Ainsi, la responsabilité de l’auteur du trouble provenant d’activité agricoles antérieures à l’installation de la victime ne sera pas engagée à la double condition que cette activité :

  • soit conforme aux lois et aux règlements et
  • se poursuive dans les mêmes conditions ou dans des conditions nouvelles qui ne sont pas à l’origine d’une aggravation du trouble anormal ou dans des conditions qui résultent de la mise en conformité de l’exercice de ces activités aux lois et aux règlements ou sans modification substantielle de leur nature ou de leur intensité

 

Si la consécration légale de la théorie des troubles anormaux de voisinage ne semble pas apporter de changements notables, il n’en demeure pas moins qu’elle suscitera à l’avenir des interrogations notamment sur la notion de « modification substantielle » au titre de l’article L 311-1-1 du Code rural et de la pêche maritime.

Quid également de la théorie du « voisin occasionnel », développée par la jurisprudence antérieure afin de retenir la responsabilité des intervenants sur un chantier de construction, auteur de troubles de voisinage.

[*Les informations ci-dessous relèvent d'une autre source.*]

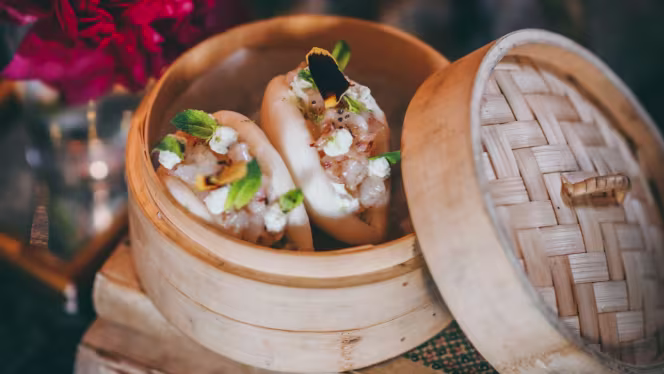 Emerald's Independent Bar - 1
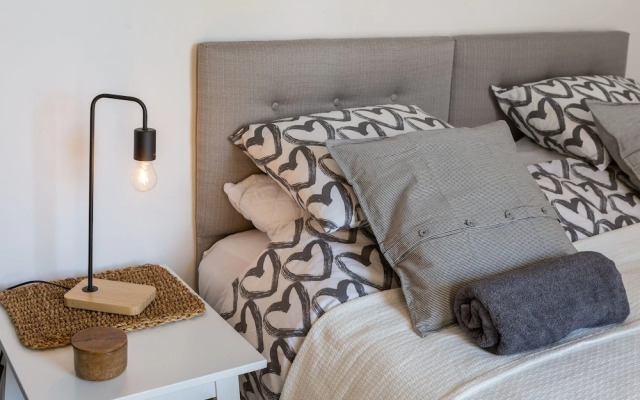 Modern apt With Terrace 4 min Walk to the Beach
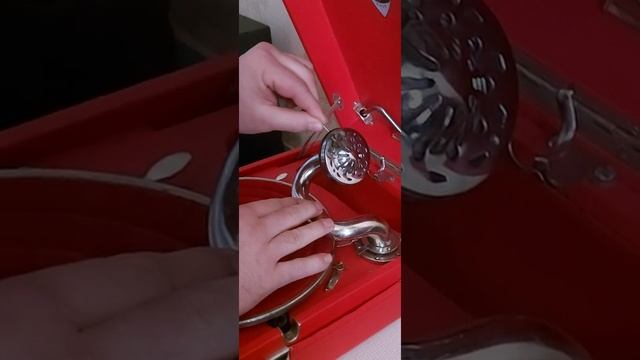 Как правильно и легко заменить иглу в головке патефона, не повредив мембрану. смотреть онлайн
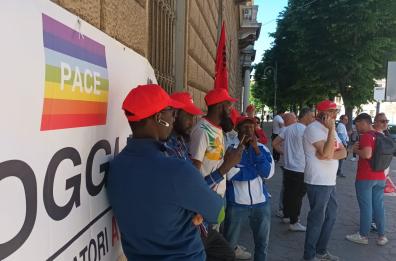 Caporalato e lavoro in nero, i sindacati scendono in strada a Foggia: &laquo;Cinque s&igrave; al referendum&raquo;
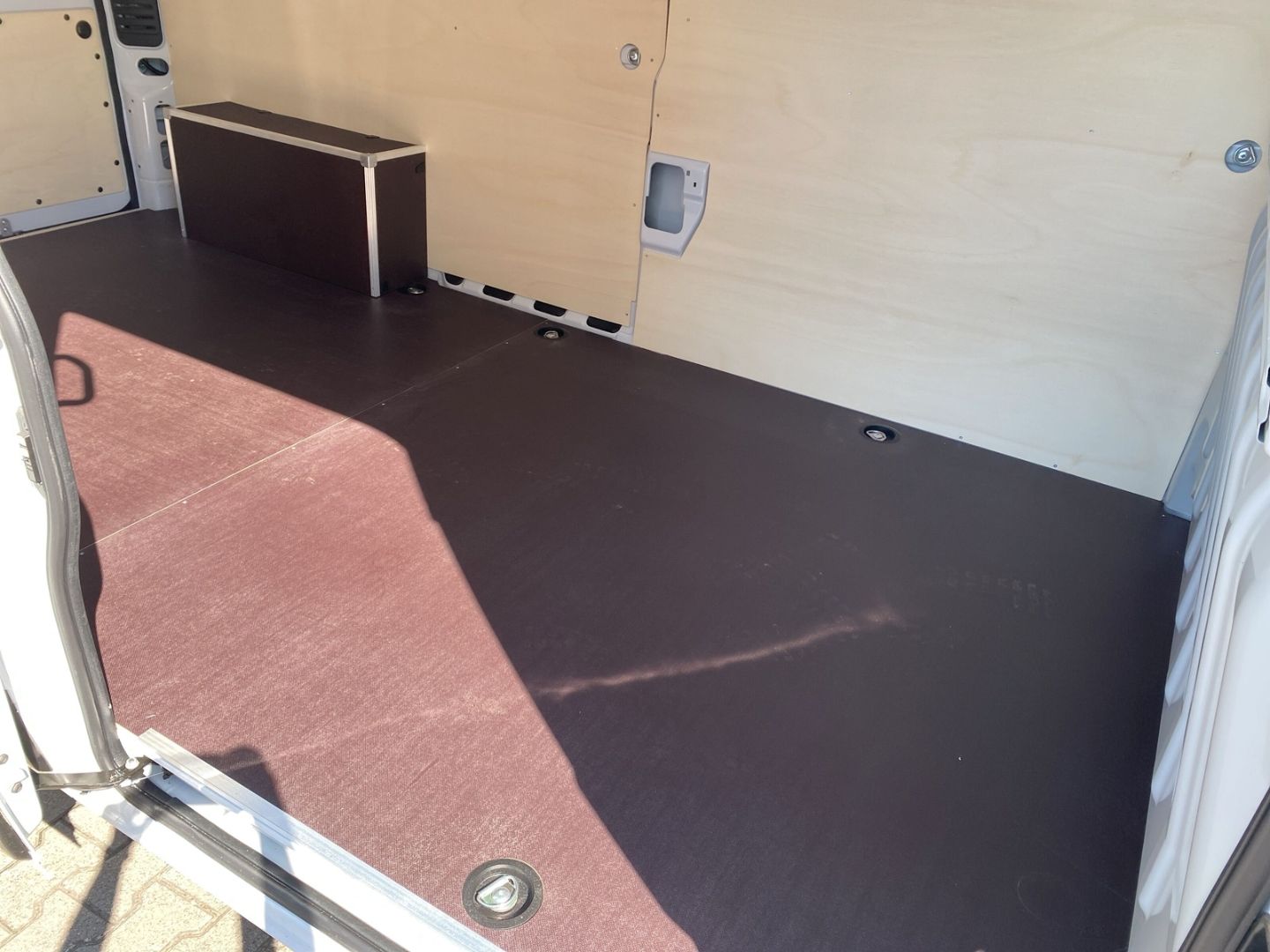 Fahrzeugabbildung Peugeot Boxer Kasten Hochraum 335 L3H2 BlueHDi 140 2.2 B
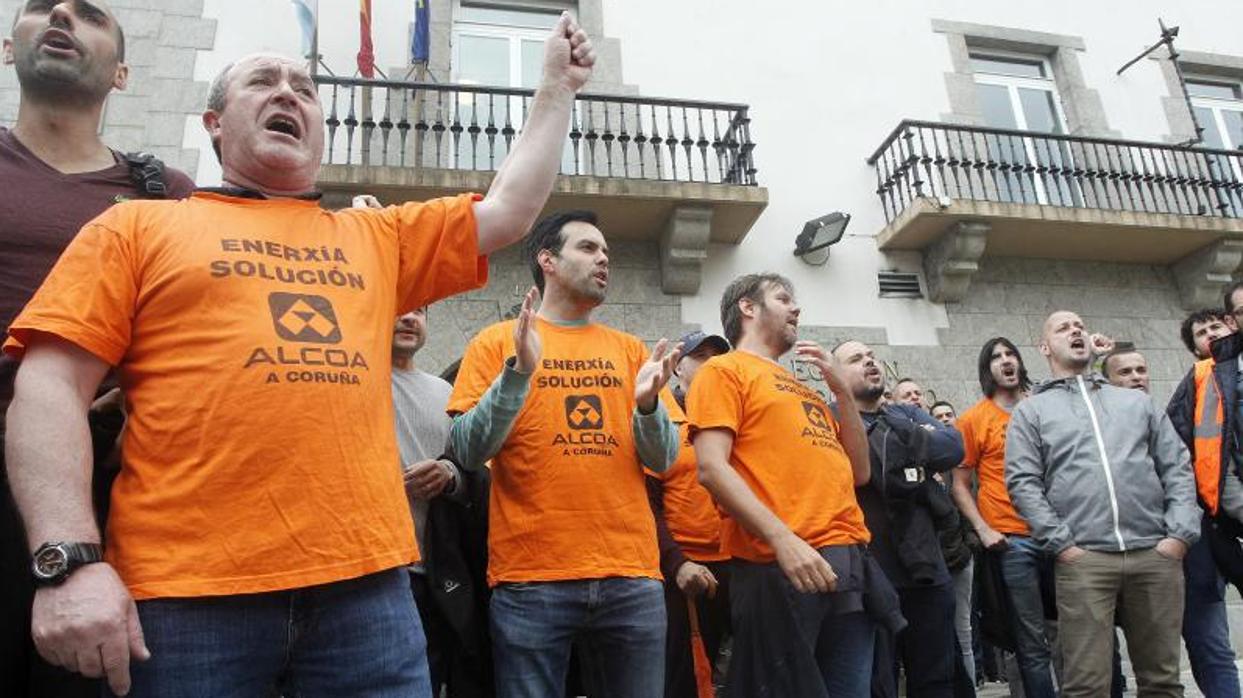 Trabajadores de Alcoa en una protesta ante la Delegación del Gobierno en La Coruña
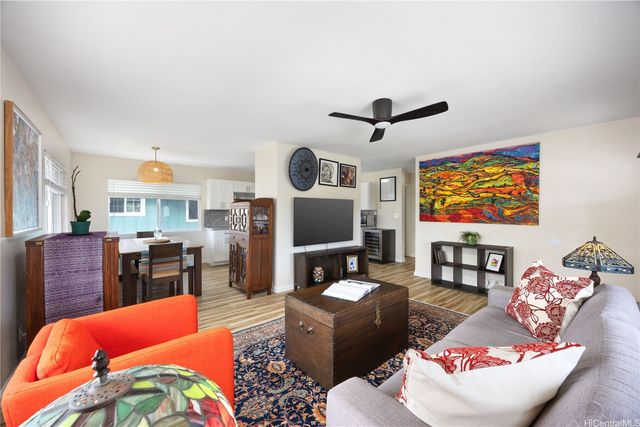 528 Halela Street A, Kailua, HI 96734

Il était ainsi admis que la victime d’un trouble anormal de voisinage puisse demander réparation aux entreprises du bâtiments, architectes et autres constructeurs, auteurs du trouble.

 

Qu’en sera-t-il désormais, l’article 1253 ne visant que « le maître de l’ouvrage ou celui qui en exerce les pouvoirs » ?

 

Entrés en vigueur le 17 avril 2024, il est fort probable que ce nouvel article fera l’objet d’interprétation par la jurisprudence, afin d’en préciser les contours et la portée.